The moment generating function of generalised Pareto distribution eventually comes down to the following integral (here).
$$ M_X(\theta) = \mathbb Ee^{X\theta} = \int_\mu^\infty e^{\theta x}\frac{1}{\sigma} \left[ 1+\xi\frac{x-\mu}{\sigma} \right]^{-\frac{1}{\xi}-1} dx = e^{\theta\mu} \sum_{j=0}^\infty\frac{(\theta\sigma)^j}{\prod_{k=0}^j(1-k\xi)}, (k\xi < 1), $$
where $\theta, \xi, \mu \in \mathbb R, \sigma \in \mathbb R^+$. Muraleedharan and Soares (2014) claimed the above integral can be solved by
"adding the integral of each product obtained by multiplying each term of $e^{\theta x}$ with $\frac{1}{\sigma} \left[ 1+\xi\frac{x-\mu}{\sigma} \right]^{-\frac{1}{\xi}-1}$ and substituting $\left[ 1+\xi\frac{x-\mu}{\sigma} \right]^{-\frac{1}{\xi}}=y$ in the integrals of the products".
I do not understand what they are suggesting. Could anyone explain how to do this integral, please? Thank you!
This result just looks wrong to me, like they generalised something beyond its range of validity. What they seem to want done is a power series expansion of the $e^{\theta x}$, followed by some sort of substitution.
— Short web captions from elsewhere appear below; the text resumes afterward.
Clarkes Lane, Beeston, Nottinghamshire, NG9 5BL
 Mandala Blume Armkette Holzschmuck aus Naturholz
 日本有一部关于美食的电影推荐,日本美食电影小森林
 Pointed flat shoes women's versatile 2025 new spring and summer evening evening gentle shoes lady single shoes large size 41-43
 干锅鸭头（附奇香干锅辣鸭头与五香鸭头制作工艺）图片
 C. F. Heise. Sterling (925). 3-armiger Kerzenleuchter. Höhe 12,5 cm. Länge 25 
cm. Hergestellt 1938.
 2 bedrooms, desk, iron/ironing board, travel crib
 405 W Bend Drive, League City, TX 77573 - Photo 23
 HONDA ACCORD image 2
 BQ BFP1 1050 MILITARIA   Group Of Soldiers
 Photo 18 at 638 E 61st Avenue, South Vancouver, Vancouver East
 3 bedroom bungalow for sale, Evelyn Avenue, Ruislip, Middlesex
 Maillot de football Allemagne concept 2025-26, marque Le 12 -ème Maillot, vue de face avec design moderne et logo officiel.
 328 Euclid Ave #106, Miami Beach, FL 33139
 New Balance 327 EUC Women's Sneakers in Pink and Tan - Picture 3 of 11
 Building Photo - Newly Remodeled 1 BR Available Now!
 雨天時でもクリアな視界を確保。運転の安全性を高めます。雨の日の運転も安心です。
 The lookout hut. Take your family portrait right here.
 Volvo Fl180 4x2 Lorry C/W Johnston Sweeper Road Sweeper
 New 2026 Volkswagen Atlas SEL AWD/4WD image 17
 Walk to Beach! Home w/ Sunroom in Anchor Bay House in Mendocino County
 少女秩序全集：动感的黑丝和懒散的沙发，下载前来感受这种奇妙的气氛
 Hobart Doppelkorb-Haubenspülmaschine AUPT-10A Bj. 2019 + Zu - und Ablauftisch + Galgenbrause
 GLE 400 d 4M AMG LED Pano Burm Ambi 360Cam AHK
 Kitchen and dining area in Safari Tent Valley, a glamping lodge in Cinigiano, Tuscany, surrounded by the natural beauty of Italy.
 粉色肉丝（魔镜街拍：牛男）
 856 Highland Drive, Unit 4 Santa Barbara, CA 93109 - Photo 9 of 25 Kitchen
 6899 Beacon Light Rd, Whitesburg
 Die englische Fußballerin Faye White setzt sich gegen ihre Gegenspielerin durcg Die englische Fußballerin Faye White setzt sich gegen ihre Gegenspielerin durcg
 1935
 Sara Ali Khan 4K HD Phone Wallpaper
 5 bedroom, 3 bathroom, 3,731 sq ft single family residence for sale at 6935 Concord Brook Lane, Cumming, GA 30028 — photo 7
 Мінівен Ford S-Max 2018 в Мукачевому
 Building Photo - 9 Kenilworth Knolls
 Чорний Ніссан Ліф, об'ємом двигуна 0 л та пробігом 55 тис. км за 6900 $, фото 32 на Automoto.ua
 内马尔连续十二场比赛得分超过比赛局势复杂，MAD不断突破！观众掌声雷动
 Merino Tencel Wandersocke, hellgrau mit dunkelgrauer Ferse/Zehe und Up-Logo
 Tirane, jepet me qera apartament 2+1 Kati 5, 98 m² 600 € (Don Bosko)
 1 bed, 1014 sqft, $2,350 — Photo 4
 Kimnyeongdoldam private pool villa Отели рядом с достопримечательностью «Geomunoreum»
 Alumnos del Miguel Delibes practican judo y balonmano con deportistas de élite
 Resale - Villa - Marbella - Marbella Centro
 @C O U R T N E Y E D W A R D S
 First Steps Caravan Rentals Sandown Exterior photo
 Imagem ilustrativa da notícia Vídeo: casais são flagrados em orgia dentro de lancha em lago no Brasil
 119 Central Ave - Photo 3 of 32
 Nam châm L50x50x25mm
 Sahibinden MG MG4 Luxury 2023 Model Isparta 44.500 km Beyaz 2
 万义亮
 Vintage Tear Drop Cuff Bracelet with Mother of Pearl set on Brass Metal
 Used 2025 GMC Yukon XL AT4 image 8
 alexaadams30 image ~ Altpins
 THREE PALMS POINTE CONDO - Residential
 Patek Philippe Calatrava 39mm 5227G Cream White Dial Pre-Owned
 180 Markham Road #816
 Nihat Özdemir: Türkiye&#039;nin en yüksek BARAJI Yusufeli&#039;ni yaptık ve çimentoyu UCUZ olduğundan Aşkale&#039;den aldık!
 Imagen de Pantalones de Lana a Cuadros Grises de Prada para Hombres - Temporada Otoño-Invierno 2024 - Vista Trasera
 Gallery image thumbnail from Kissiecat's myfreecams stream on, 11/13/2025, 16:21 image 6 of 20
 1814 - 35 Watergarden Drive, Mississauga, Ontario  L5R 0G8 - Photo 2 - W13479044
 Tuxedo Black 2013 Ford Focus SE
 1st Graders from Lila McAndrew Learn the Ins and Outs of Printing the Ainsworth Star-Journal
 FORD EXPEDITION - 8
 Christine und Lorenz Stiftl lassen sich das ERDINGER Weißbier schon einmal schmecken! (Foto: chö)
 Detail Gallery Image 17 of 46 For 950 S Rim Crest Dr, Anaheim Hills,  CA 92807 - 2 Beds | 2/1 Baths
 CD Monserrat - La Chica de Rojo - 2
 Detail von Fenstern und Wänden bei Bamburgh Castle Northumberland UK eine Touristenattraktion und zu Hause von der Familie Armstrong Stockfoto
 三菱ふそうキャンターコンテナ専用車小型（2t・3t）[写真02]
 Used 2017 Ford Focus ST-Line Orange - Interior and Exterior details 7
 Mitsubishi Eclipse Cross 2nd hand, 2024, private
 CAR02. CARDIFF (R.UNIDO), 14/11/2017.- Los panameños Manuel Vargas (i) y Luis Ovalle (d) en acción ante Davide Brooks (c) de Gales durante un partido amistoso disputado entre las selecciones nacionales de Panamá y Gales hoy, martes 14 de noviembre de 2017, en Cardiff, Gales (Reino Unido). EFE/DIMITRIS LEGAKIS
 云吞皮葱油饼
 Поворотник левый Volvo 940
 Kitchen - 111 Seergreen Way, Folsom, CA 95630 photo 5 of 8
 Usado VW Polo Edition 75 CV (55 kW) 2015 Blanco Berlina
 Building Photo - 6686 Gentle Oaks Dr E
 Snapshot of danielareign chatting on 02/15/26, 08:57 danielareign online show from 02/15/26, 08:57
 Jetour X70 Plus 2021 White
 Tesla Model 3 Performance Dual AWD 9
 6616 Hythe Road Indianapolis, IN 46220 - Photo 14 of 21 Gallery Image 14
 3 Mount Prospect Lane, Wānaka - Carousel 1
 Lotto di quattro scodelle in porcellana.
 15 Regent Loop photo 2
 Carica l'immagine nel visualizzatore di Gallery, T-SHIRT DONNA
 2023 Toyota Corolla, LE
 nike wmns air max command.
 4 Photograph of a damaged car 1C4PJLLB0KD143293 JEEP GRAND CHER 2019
The problem is that then the swap they sum and the integral, but integrals of the form $$ \int_a^{\infty} y^n (1+y)^{-a} \, dy $$ don't exist for $n-a \geqslant -1$.
The first obvious thing to do is substitute $\mu + \sigma u= x$, so $du = dx/\sigma$. Then the integral becomes $$ e^{\theta \mu} \int_0^{\infty} e^{\theta \sigma u} (1+\xi u)^{-1/\xi-1} \, du, \tag{1} $$ which only converges for $\theta \leqslant 0$ (since $\sigma > 0$) and $\xi>0$.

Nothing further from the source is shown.